Then, of course, there are the gremlins. As the workmen lugged the canvases into the gallery, OCC’s core faculty — President Bob Dees, media relations director Jim Carnett and foundation director Doug Bennett — gathered to have a look at the central attraction.

The two murals, painted in a service club at the air base in 1943, show airmen suiting up, marching and performing other everyday tasks. The most notable part of the scenes, however, are the tiny, bug-eyed creatures that skulk around the corners with spears and pitchforks. During World War II, those invisible pests were part of American lore — and an easy scapegoat for botched missions.

“It’s kind of a whimsical look at military situations,” Carnett said. “They used to say in the Air Force that gremlins would get in the machinery and gum up the works.”

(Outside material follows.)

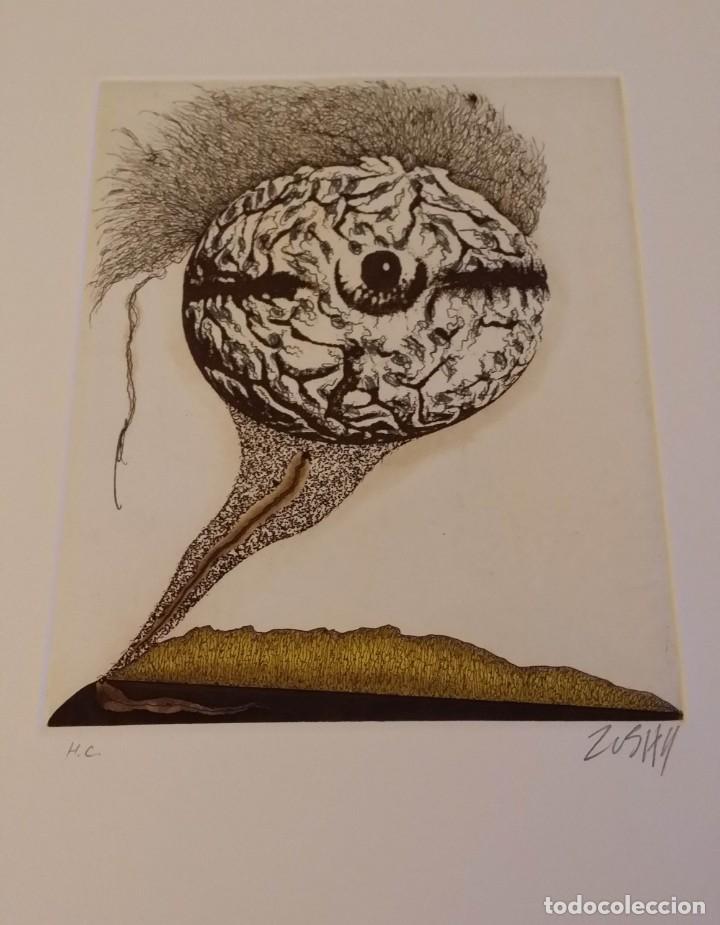 Arte: ZUSH, Mabrain, aguafuerte de 1994, - Foto 3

The murals went on a wild ride of their own by the time they arrived back at OCC in 1997. After the war, the service club turned into OCC’s gymnasium, where the murals hung for 13 years before being shipped to Maxwell Air Force Base in Montgomery, Ala. — and then a number of sites around the country. The campus nearly gave them up for lost until 1997, when they were discovered minutes away in a vault at the Costa Mesa Historical Society.

That year, the murals hung at OCC as part of a 50th anniversary exhibit. After a restoration job by the Getty Museum in Los Angeles, they returned this week looking cleaner than ever. The exhibitors had only one difficulty: the ceiling of the Doyle Arts Pavilion is slightly less than 15 feet high, which means that the 16-foot murals will have to tilt against the wall.